Being able to hold procedural court events via video conference or on the phone reduces a family’s legal costs. The electronic signing of court documents has also provided logistical relief to all involved — especially since there’s a need to file a lot more documents now.

Plus, the ability to access online records produced under subpoena is a dramatic reshaping of the traditional and costly in-person document inspections.

“And thanks to technology, cases that might once have been adjourned — at a cost to the families — can now potentially be heard by an interstate judicial officer who has resources to determine the case,” Mr Bottrell said.

A steep — but achievable — learning curve

While widely lauded, all these changes did present a challenge to some family law practitioners when first introduced. 

According to Mr Bottrell, the learning curve felt quite vertical initially.

“There was a lot to be done — and quickly — to reach the point of a working knowledge,” he said.

“Some practitioners felt destabilised by this situation at the start.”

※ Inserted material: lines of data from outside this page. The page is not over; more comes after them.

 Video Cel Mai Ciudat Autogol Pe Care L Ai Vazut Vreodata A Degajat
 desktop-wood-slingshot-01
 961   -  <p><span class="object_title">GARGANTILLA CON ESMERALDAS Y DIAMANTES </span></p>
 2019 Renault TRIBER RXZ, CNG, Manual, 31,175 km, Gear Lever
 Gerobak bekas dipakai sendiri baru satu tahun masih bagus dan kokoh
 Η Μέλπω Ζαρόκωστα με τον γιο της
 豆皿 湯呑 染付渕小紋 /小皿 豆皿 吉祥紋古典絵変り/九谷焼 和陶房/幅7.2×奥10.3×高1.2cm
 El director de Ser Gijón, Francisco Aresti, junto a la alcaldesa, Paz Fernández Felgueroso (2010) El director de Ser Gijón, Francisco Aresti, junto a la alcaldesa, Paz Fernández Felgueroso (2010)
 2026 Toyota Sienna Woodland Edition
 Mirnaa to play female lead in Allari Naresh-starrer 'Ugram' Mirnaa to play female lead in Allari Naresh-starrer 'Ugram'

Ms Kearley also acknowledged that practitioners need to work hard to absorb the changes and comply with the new court rule and practice directions about procedures.

“In my experience, most family lawyers are fully aware of the changes and have worked hard to take them on board,” she said.

“But there will be challenges for practitioners who don’t take the time to read and apply the new court rules and practice directions. And, unfortunately, I’ve seen some lawyers who appear to persist in the old practice of advocating litigation over negotiation to their clients.”

As a whole, however, it seems that most of the profession has embraced the changes fairly quickly.

“Lawyers are an adaptive bunch,” Mr Bottrell added.

“Once there was a line of sight into what was required, and some lived experience gained, we all got on with it.”